Preheat oven to 350 degrees.
Spray a 9x5 loaf pan with non-stick cooking spray or line with parchment paper, set aside.
In a small bowl mash bananas, set aside.
In the bowl of an electric mixer (or large mixing bowl for a hand mixer) add dark brown sugar and vegetable oil. Mix for 2 minutes.
Add in eggs, 1 teaspoon maple extract and vanilla extract and mix until combine, about 1 minute.
In a medium sized mixing bowl add flour, baking soda, cinnamon, grated nutmeg and kosher salt. Whisk to combine.
Add half the flour mixture to the sugar mixture and mix just until combined.

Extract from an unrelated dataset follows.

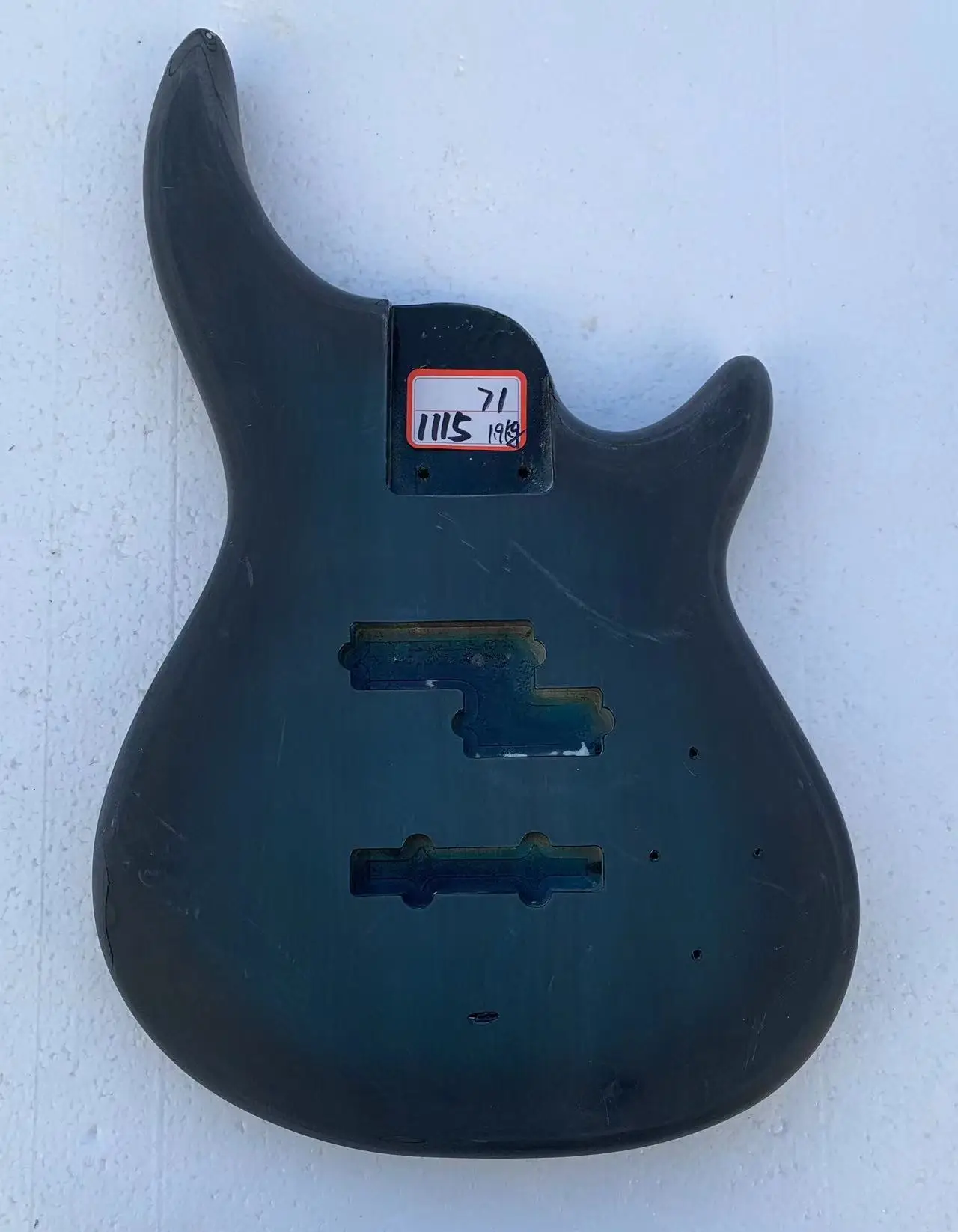 Сделай сам изготовленная на заказ электрическая бас-гитара фотогитара со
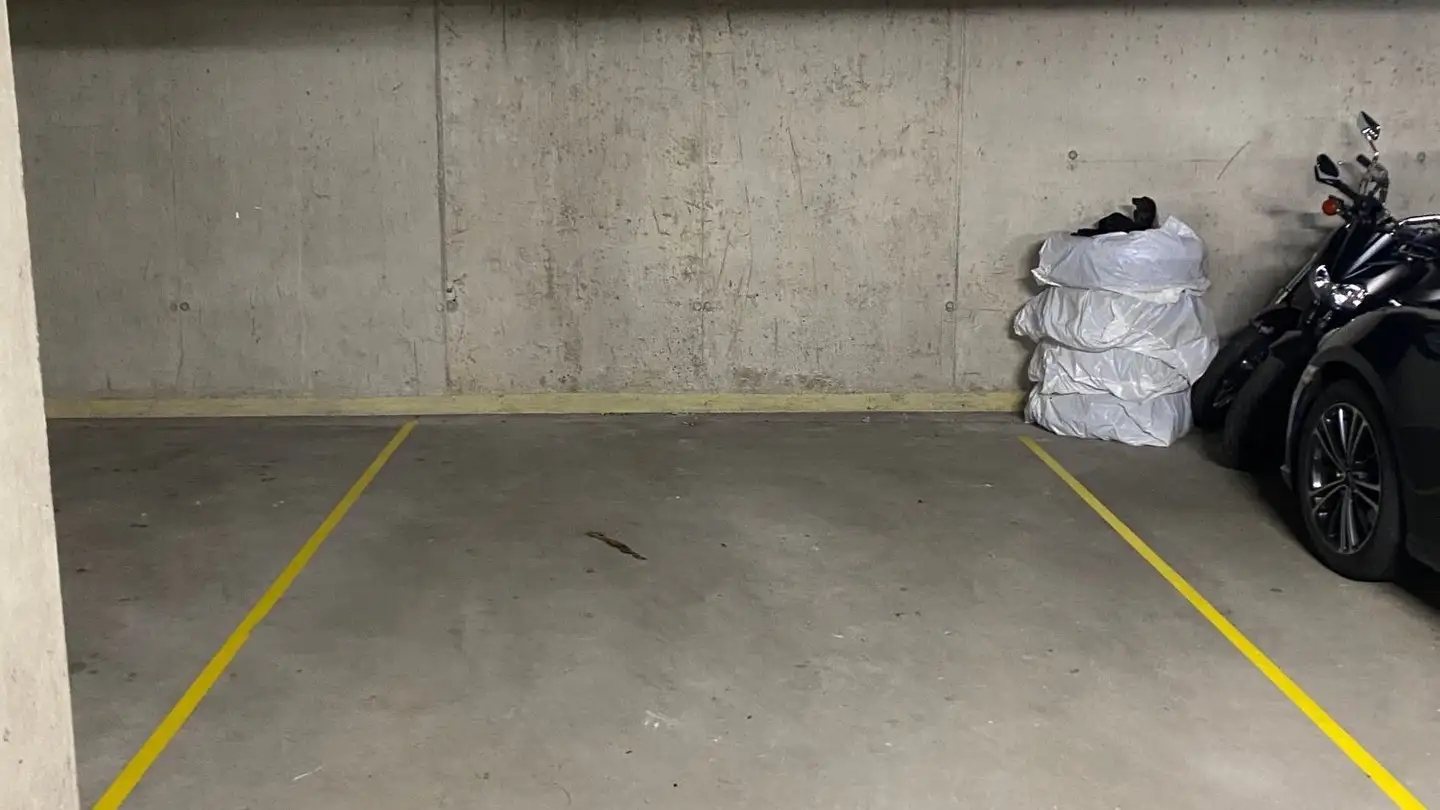 Underground parking space for sale - Breitenstrasse, 5242 Lupfig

Add half the mashed bananas and mix just until combined.
Repeat the last 2 steps.
Fold in shredded carrots and gently mix until combined.
Bake for 60-70 minutes or until the center of the bread is fully cooked. Test this by putting a toothpick in the center of the cake and if it comes out clean the bread is fully cooked.
Once the bread is fully baked let it rest for 10 minutes, carefully remove from the pan and let cool.
In a mixing bowl add cream cheese, powdered sugar, remaining maple extract and vanilla bean paste.
Mix until light and fluffy. If the mixture is too thin add more powdered sugar and if it's too thick add a teaspoon of milk.
Spread the frosting on top of the bread and sprinkle with chopped pecans.